Skrajną nieodpowiedzialnością wykazał się 34-letni mieszkaniec Białegostoku. Mężczyzna doprowadził do krasy, a następnie oddalił się z miejsca zdarzenia. Był kompletnie pijany.
Wczoraj po godzinie 15 na ul. Mieszka I w Białymstoku doszło do kraksy trzech aut. 34-latek kierujący samochodem marki kia uderzył w tył opla corsy. Siła uderzenia była na tyle duża, że pojazd uderzył jeszcze w astrę. Sprawca całego zamieszania postanowił szybko oddalić się z miejsca zdarzenia.
Ostatecznie jednak białostoczanin wpadł w ręce policjantów. Był kompletnie pijany. W organizmie miał ponad 3,5 promila alkoholu.

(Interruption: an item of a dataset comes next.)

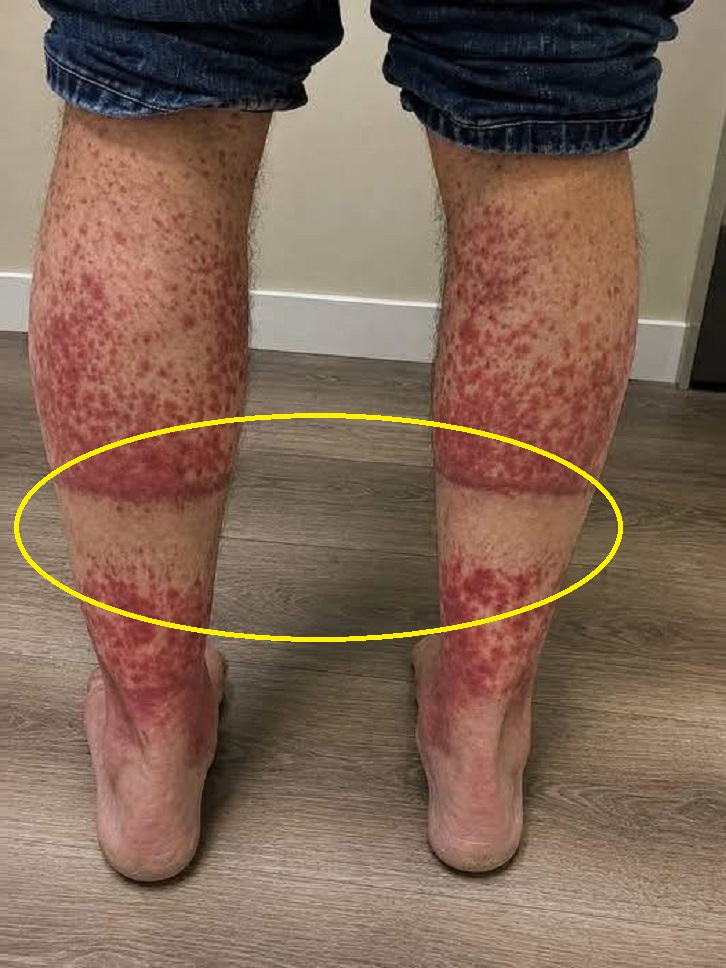 Warning Signs on Your Legs You Should Never Ignore: How a Safe Sleep Environment Protects Your Health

Zobacz też: Matiz zatrzymał się w ogrodzeniu [FOTO]. Kierowca wziął nogi za pas
34-latek za swoją głupotę odpowie prawdopodobnie przed sądem. Na razie może „szczycić się” tytułem rekordzisty dnia. W niechlubnym zestawieniu ilością promili prześcignął 10 innych nieodpowiedzialnych kierowców.